Bien qu’aucune collision n’ait eu lieu, cet événement a été perçu comme une démonstration de capacités hostiles, incitant New Delhi à renforcer ses dispositifs de sécurité spatiale.

La dépendance croissante de l’Inde à ses satellites pour les communications, la navigation, la reconnaissance et le renseignement rend ces actifs essentiels tant pour les usages civils que militaires.

Le survol rapproché de 2024 a mis en lumière la vulnérabilité des satellites indiens, notamment en orbite basse (entre 500 et 600 km d’altitude), un espace de plus en plus encombré par des constellations commerciales telles que Starlink, ainsi que par les infrastructures stratégiques de puissances concurrentes.

Le gouvernement indien prévoit de développer des satellites d’escorte, capables de surveiller, de manœuvrer et d’intervenir pour protéger les engins spatiaux à haute valeur stratégique.

Ces satellites « garde du corps » devraient être équipés de capteurs avancés pour la surveillance, de systèmes de propulsion pour un repositionnement rapide, et possiblement de technologies de contre-mesures destinées à dissuader voire neutraliser les menaces.
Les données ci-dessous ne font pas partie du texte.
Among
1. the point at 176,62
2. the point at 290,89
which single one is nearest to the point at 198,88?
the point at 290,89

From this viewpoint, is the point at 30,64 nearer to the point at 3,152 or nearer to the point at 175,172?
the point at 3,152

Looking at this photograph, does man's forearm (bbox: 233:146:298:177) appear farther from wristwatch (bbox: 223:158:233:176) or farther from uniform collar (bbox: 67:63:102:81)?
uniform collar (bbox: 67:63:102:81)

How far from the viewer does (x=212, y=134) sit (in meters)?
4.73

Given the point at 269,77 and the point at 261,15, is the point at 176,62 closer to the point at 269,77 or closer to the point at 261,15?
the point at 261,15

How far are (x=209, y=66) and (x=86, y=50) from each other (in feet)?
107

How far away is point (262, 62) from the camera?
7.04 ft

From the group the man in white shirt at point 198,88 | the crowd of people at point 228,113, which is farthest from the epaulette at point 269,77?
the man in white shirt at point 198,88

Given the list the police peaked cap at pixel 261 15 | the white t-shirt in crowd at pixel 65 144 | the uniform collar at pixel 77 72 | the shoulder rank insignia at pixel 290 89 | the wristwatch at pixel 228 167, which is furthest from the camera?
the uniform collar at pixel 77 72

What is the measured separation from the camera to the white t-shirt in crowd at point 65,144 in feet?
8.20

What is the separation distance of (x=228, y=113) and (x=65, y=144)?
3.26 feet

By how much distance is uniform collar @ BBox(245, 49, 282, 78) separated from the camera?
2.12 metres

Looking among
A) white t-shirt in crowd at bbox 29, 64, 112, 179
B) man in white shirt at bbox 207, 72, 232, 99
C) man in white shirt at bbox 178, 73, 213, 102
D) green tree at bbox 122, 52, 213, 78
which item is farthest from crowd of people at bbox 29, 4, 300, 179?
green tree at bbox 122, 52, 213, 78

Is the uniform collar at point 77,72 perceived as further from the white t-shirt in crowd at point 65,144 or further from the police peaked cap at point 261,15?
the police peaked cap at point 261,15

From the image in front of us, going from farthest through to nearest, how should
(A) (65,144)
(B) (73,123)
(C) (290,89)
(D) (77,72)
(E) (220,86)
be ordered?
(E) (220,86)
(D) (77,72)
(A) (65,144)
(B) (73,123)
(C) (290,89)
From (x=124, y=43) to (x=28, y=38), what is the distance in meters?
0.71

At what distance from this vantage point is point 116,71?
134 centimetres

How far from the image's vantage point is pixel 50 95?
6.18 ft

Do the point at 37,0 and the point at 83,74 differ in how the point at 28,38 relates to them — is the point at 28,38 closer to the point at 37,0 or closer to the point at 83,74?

Ce projet s’inscrit dans un cadre plus large d’intégration de la connaissance de la situation spatiale (SSA) avec des mesures actives de défense pour sécuriser les actifs stratégiques indiens.

Ce programme fait partie d’une initiative de 270 milliards de roupies (environ 3 milliards de dollars) visant à déployer une cinquantaine de nouveaux satellites de surveillance, dont le premier lancement est prévu pour l’année prochaine.

Ces plateformes renforceront la sécurité aux frontières, permettront de suivre les mouvements militaires adverses et contribueront à la collecte de renseignements.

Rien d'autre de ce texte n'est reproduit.